TASK DESCRIPTION :: Copy only the lines from the one with "Photo of property" through the end of the records, exactly as they stand. No pictures belong in the copy.
---------- PROVIDED MATERIAL
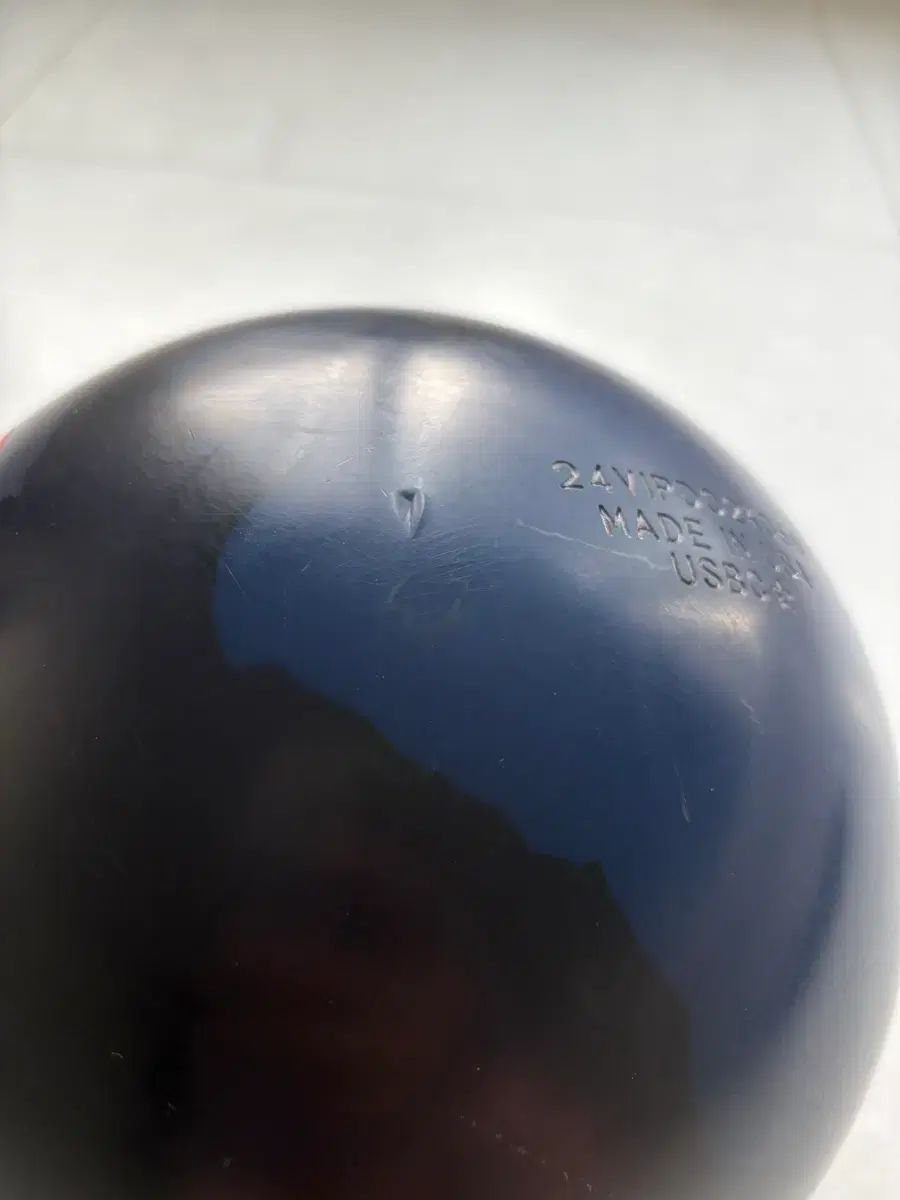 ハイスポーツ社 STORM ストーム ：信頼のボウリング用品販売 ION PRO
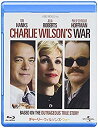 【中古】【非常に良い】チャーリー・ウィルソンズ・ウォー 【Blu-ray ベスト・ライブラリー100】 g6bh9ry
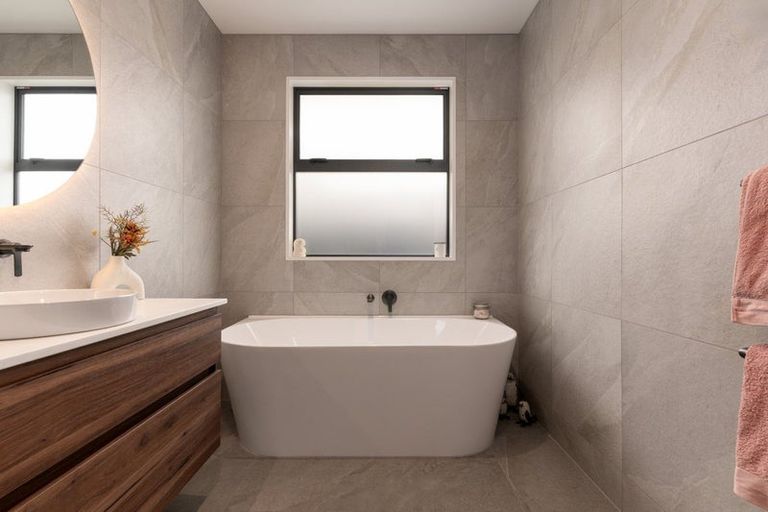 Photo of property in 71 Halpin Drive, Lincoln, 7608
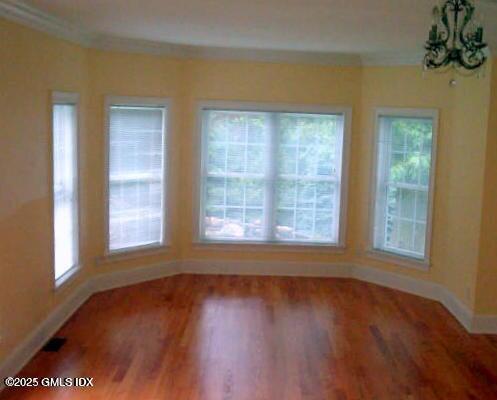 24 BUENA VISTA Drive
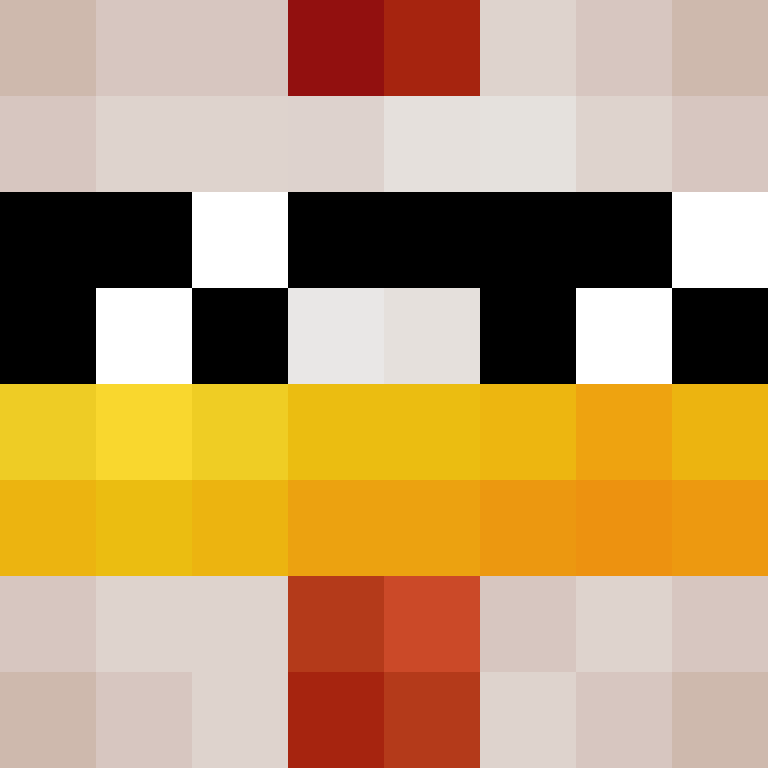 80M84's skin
--------------------
RESULT OF THE TASK ::
 Photo of property in 71 Halpin Drive, Lincoln, 7608
 24 BUENA VISTA Drive
 80M84's skin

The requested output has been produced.